**ENTRIES PROVIDED:**
= = =

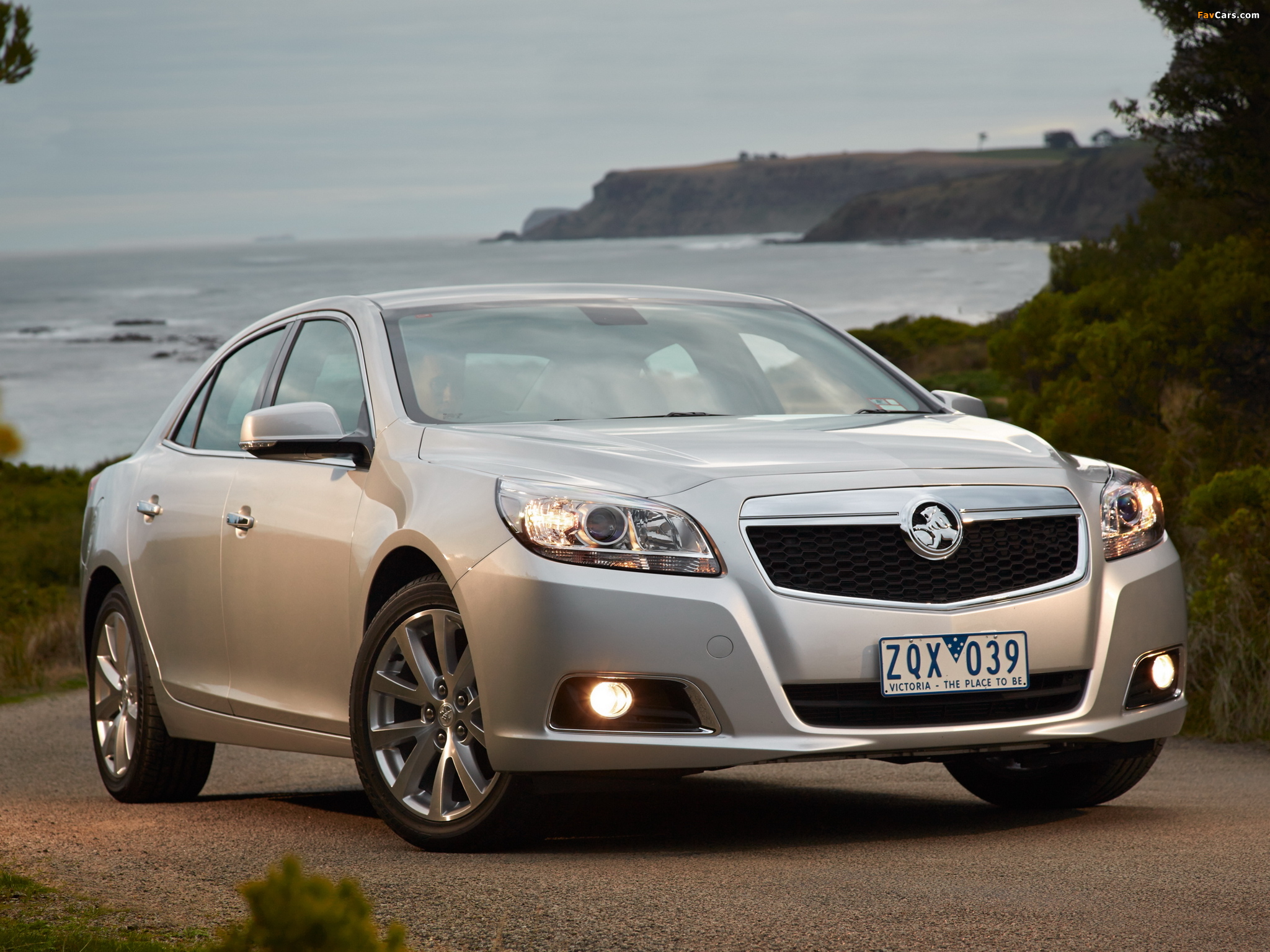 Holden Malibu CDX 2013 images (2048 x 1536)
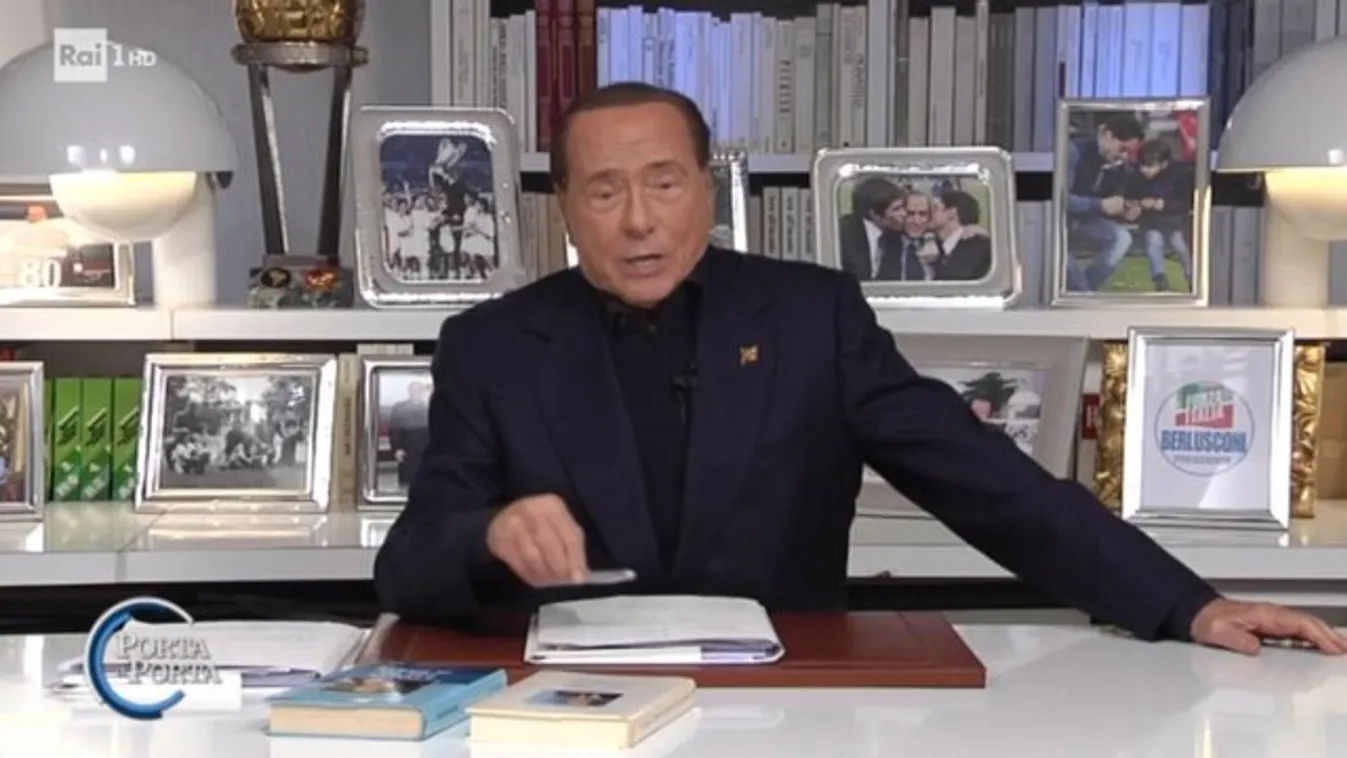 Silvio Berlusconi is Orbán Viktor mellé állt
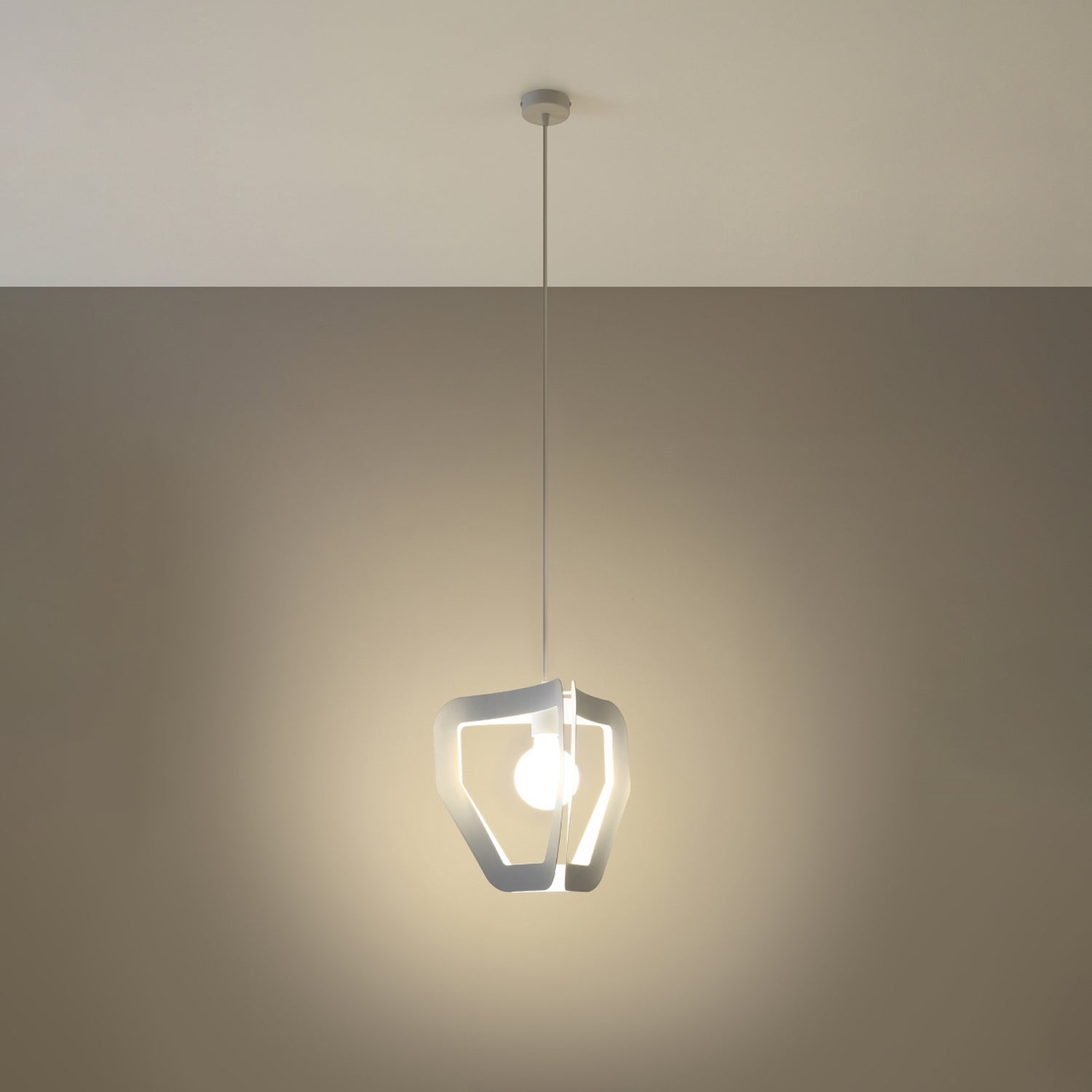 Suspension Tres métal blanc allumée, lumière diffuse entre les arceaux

= = =

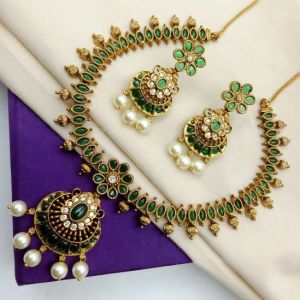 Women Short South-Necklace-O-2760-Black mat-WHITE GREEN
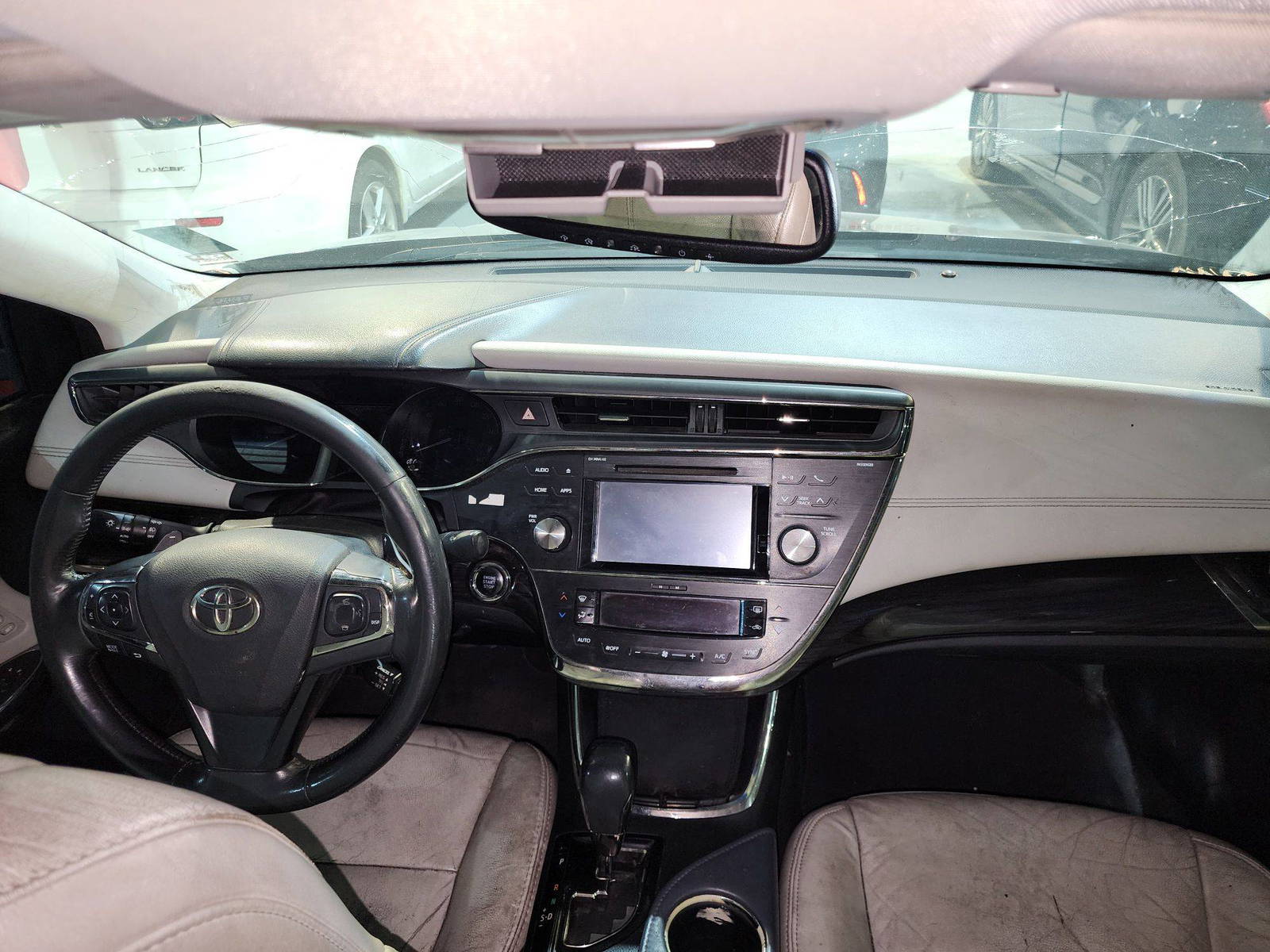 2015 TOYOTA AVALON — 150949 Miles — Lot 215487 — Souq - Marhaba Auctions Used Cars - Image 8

= = =

**HOW TO COMPLETE THIS TASK:** Write back the stretch of lines above that begins with the line holding "Holden Malibu CDX 2013 images (2048 x 1536)" and ends with the line holding "Suspension Tres métal", both included, exactly as written. Pictures stay out.

**ANSWER SPACE:**
 Holden Malibu CDX 2013 images (2048 x 1536)
 Silvio Berlusconi is Orbán Viktor mellé állt
 Suspension Tres métal blanc allumée, lumière diffuse entre les arceaux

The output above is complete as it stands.